The Caps’ first shot came 13 minutes into the third. By then, the Blues already had 12 shots and two goals.

Over the course of an 82-game season, teams will lose games against teams they shouldn’t. This felt different. Watching this game, you did not come away thinking the Caps played down to an inferior team. The Blues dominated that game and the Caps knew it.

“They were skating, competing harder, won races, more determined than we were,” defenseman Matt Niskanen said. “If we’re being honest about it, we didn’t have a very good game, and they played a pretty darn good game.”
More importantly, St. Louis realized it as well. They knew following the game that this was a win and a performance they could build on.

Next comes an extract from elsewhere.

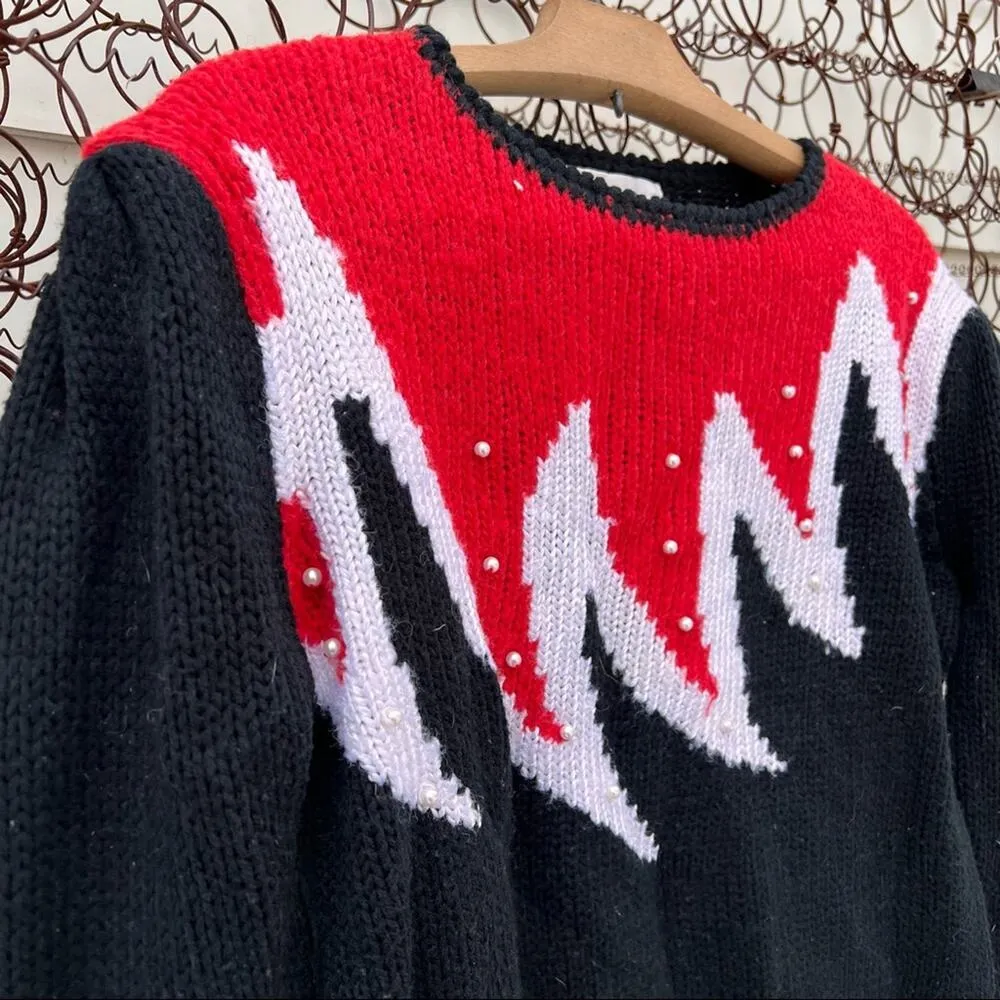 Vintage 90s Right Fashion red and white flame knit puff sleeve sweater Size M - Image 2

“I think we out-chanced them, so we're building here at even strength,” Pietrangelo said. “It's just a matter of keeping it at even strength and scoring goals. Tonight the goals weren't necessarily pretty but we created a lot of chances."
That night proved to be the first night of the turnaround. From Jan. 3 on, no team in the NHL earned more points than St. Louis’ 65, not even the Tampa Bay Lightning who won the Presidents’ Trophy with an incredible 128 points.

St. Louis was not expected to be bad this season. The team made a number of offseason moves to bolster the roster and many thought they could be real contenders, but they sure did not play like it through the first half of the season. It took a big win over the defending Stanley Cup champs to show them and everyone else just how good they really were. From that point on, they never looked back.